The best-performing malls have this restaurant in common

Malls with a Cheesecake Factory are more likely to be current on their loans, according to a Moody’s analysis. But the chain may not be retail's white knight.
At least 80 of Cheesecake's 240 global locations are in malls. | Photo: Shutterstock

Want to know how your local mall is doing? See if it has a Cheesecake Factory.

Malls that count the casual dining chain as a tenant tend to be healthier than those that don’t, according to an analysis this month by Moody’s Analytics. The researcher looked at malls with and without Cheesecakes and found that the have-nots are four times more likely to be behind on their loans.

The Cheesecake Factory has been one of the best-performing casual dining concepts in recent years. Its U.S. sales rose nearly 23% from 2017 to 2022, while unit count increased 5.5%, according to Technomic Ignite data. Its elaborate restaurants and massive menu have made it a consistent favorite among consumers. 

That said, it’s probably not solely responsible for lifting the fortunes of slumping malls, which have struggled for years to compete with the growth of online shopping.

Instead, said Moody’s, the correlation between Cheesecake and mall performance is a testament to the chain’s site selection strategy. In other words, it likes to open restaurants at malls that are doing well because it can count on a steady stream of customers in those locations.

According to company documents, at least 80 of Cheesecake’s 240 global locations are in malls, which has given it a reputation as a mall chain. But that’s not necessarily on purpose.

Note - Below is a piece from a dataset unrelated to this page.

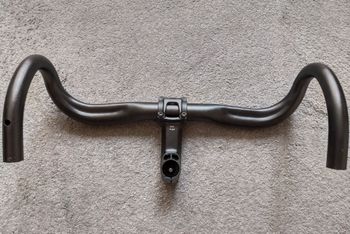 Brugt Ritchey Comp Streem Handlebar bike — billede 2 af 4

“I think that a little misnomer about the malls and Cheesecake Factory, that we always wanted to be in a mall,” President David Gordon said during the Baird Global Consumer, Services and Technology conference in June. “I think in reality, the malls were in the geography that we wanted to be in, right? There was 250,000 people within a 5-mile radius of those malls. They gave us all the parking access that we wanted. They gave us our own hours, our own doors. So, it wasn't that we specifically looked to be in malls. The malls just happen to be in the best places.

“So our strategy today is that if it's an A site and it's in a mall, we'll take it. If it's an A site and it's not in the mall, we'll take it as well,” he said, according to a transcript on financial services site Sentieo/AphaSense.

In general, many malls have begun to favor non-traditional tenants like restaurants and bowling alleys amid the decline in retail traffic. According to Moody’s, that strategy has not necessarily been a slam dunk: Malls with two or more non-traditional tenants are just slightly better at repaying their loans than those with fewer than two.